Mills’ roadmap, which requires legislative approval, includes more than a half-billion dollars for infrastructure including a previously floated $150 million injection into the state’s broadband agency, plus another $260 million for short-term aid to businesses. It also hits on common themes during her administration so far, hewing partially to a 10-year economic plan released in 2019 that set goals of growing the workforce by 75,000 and raising wages by 10 percent. 

“Now, we can offer the people of Maine the promise of prosperity for the next generation, greater goals, aspirations, and opportunities, and something even greater than that, we offer them hope,” the governor said at a news conference at GO Lab, Inc. in Madison.

More than $6 billion in aid is estimated to be coming to Maine in the $1.9 trillion American Rescue Plan passed by Congress in March, from direct aid for states and local governments to major tax changes, more unemployment funds, broadband aid and business grants. The $1.1 billion portion that is the subject of this proposal was left to the governors and Legislature.
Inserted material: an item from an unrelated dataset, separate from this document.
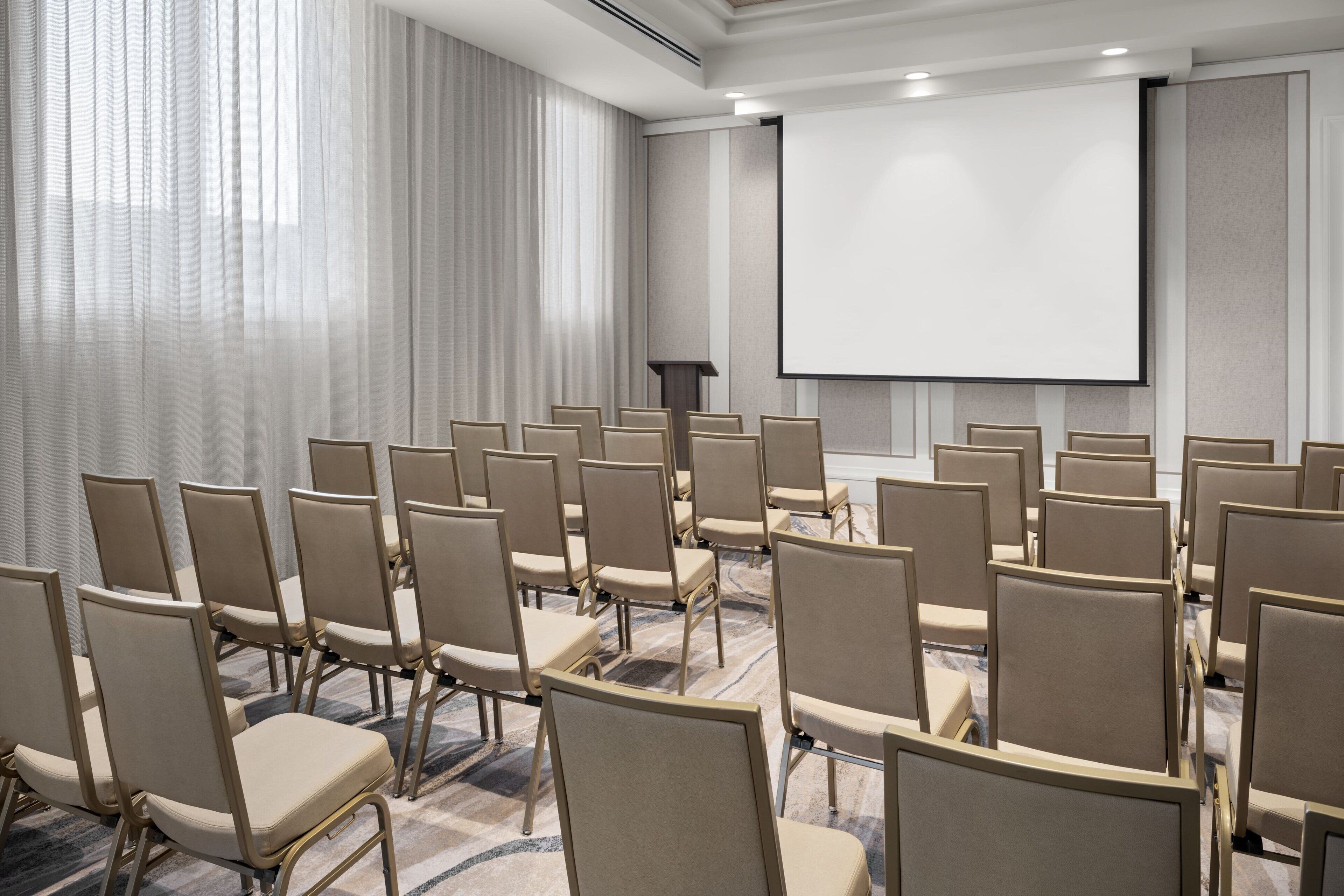 A conference room with rows of beige chairs, a projector screen, and a large window with sheer curtains.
Among the other big-ticket items in Mills’ plan are $105 million in upgrades for higher education facilities, $100 million for affordable housing and energy efficiency upgrades in homes, $80 million for research and development and public-private partnership aimed at economic growth and $50 million each to bolster state parks and the state’s road and bridge maintenance plan.

It also includes numerous smaller programs that were first announced on Tuesday, including $20 million for childcare and $8 million each for a “Remote Worker Welcome” program aimed at spurring telework growth and an online licensing system aimed at streamlining environmental permitting and other state licensing processes. Another $20 million alone is earmarked for administering and deploying the massive sum of money. Many of those items could replace bond proposals currently working their way through the Legislature.
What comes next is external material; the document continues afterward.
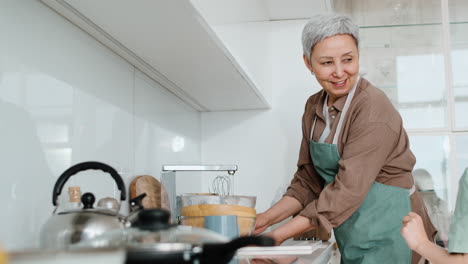 la abuela y la niña haciendo los platos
Mills previewed an aggressive public-relations effort to sell the plan over the next few weeks, saying she would travel the state to outline it in greater detail. In the Legislature, the race is already on to use the new pots of newfound money. She said she is speaking with Republicans and Democrats to figure out which pieces of the legislation will require lawmakers’ approval and what parts can be used immediately. Mills indicated a sense of urgency around the proposal.

“We need this money in our economy, getting it in circulation now,” she said.
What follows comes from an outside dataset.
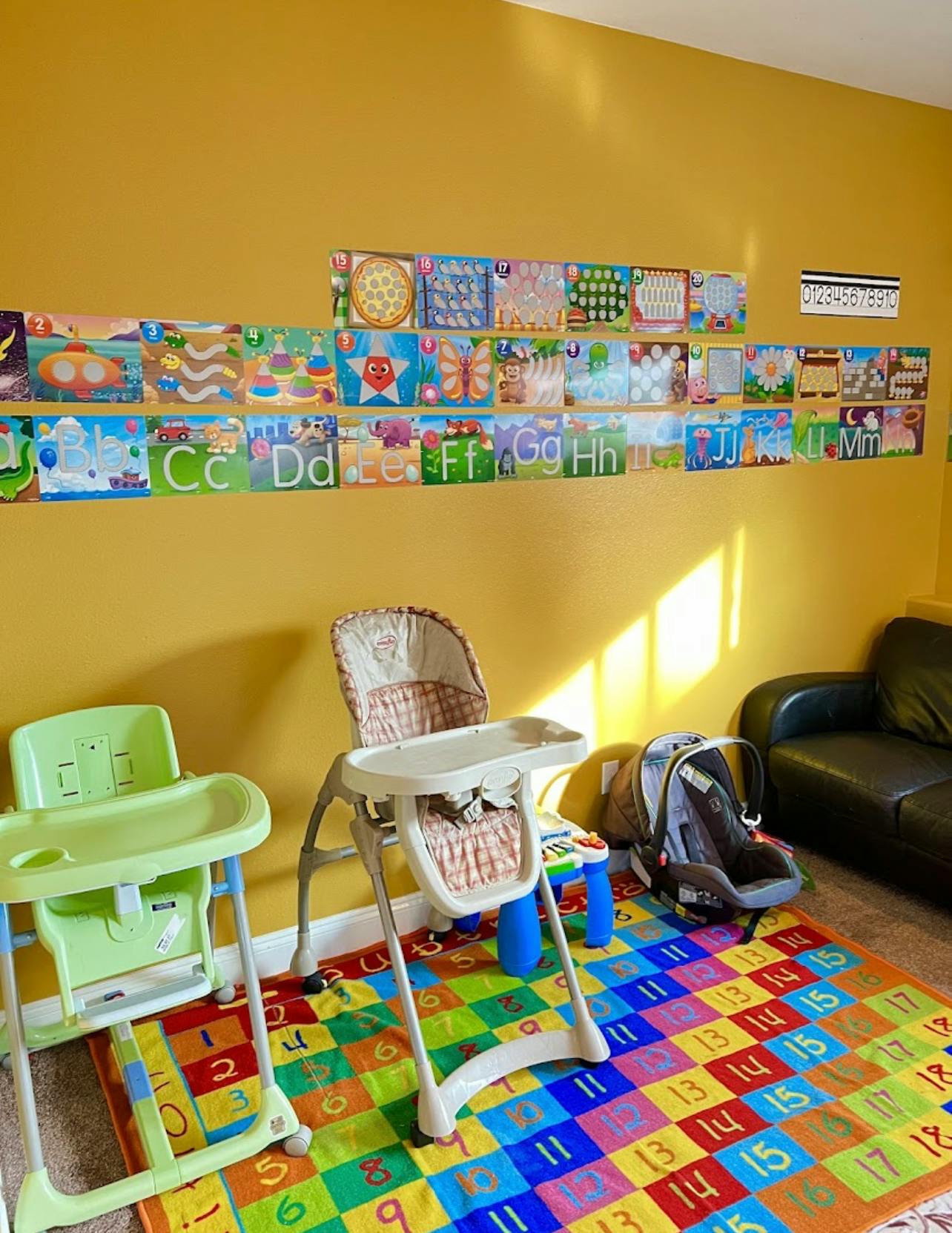 Two high chairs and a car seat on a colorful number rug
This stimulus money cannot be used to reduce taxes or pay down pension debt that plagues other states, but legislative Republicans here have already floated a tax-cut package after state budget projections were revised upward by more than $920 million over two years.

Majority Democrats circumvented Republicans to pass an $8.3 billion budget along party lines in March, but they are likely to need the minority party’s support on the federal aid package and two other items that Mills is expected to advance in the coming weeks — a change package to the earlier budget and a bonding package that will eventually go before the voters.

Guidelines for the new batch of stimulus money are expected from the U.S. Treasury on May 11, but many states have begun debating how to use the money. In Vermont, the General Assembly approved some spending in March despite Republican Gov. Phil Scott’s concerns about federal guidelines. He introduced his own proposal in early April.

BDN writer Caitlin Andrews contributed to this report.

Michael Shepherd joined the Bangor Daily News in 2015 after time at the Kennebec Journal. He lives in Augusta, graduated from the University of Maine in 2012 and has a master's degree from the University...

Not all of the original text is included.